Exercise goal = Verbatim copy without images: return all of the data as it stands.

Source data =
>>>>

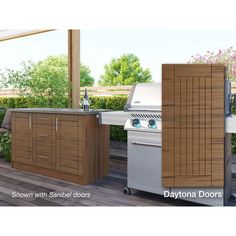 an outdoor kitchen with grill, sink and table in the middle of wood flooring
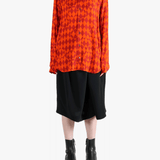 Red shirt worn by a person, showing the shirt's view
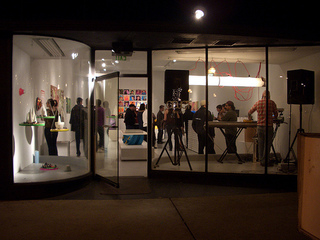 Gallery from street,Adder performing in window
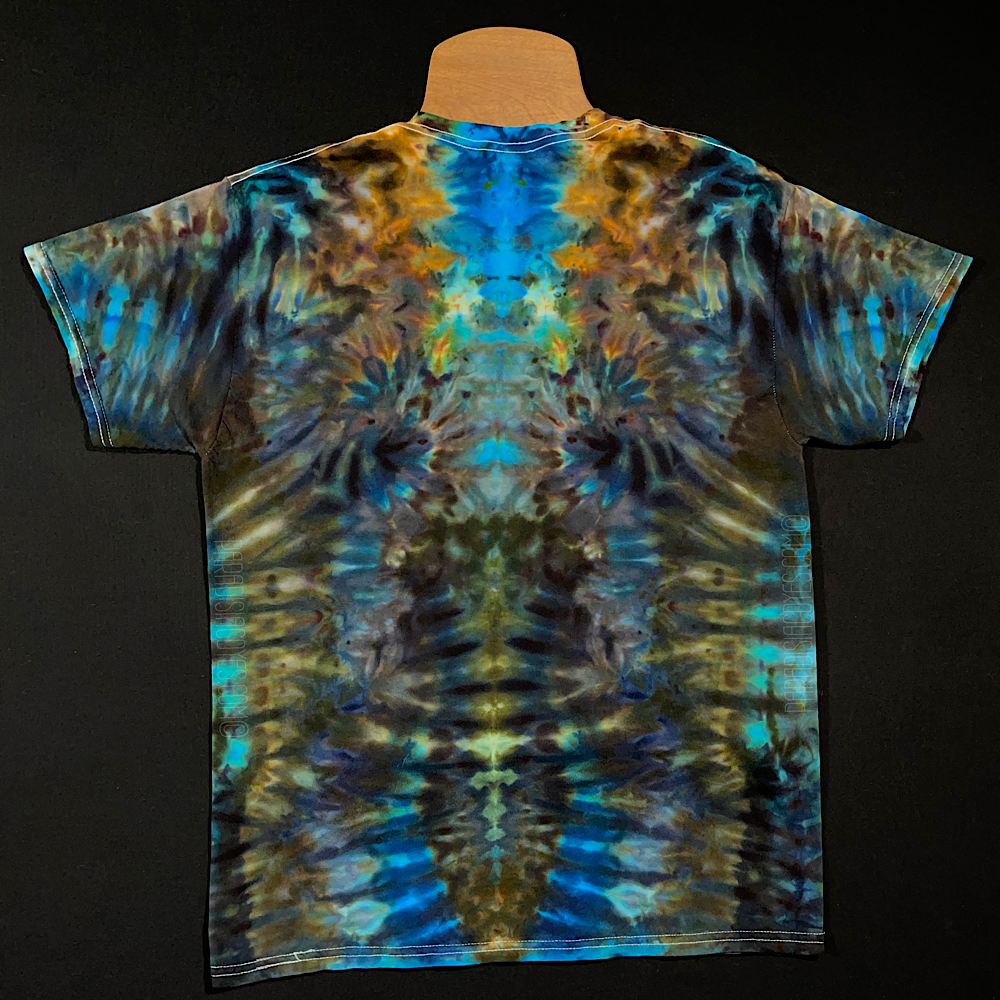 Front side of a short sleeve size adult medium tie dye shirt featuring an abstract, symmetrical, totem pole like ice dyed pattern in an array of blue, brown & golden shades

<<<<

Written reply =
 an outdoor kitchen with grill, sink and table in the middle of wood flooring
 Red shirt worn by a person, showing the shirt's view
 Gallery from street,Adder performing in window
 Front side of a short sleeve size adult medium tie dye shirt featuring an abstract, symmetrical, totem pole like ice dyed pattern in an array of blue, brown & golden shades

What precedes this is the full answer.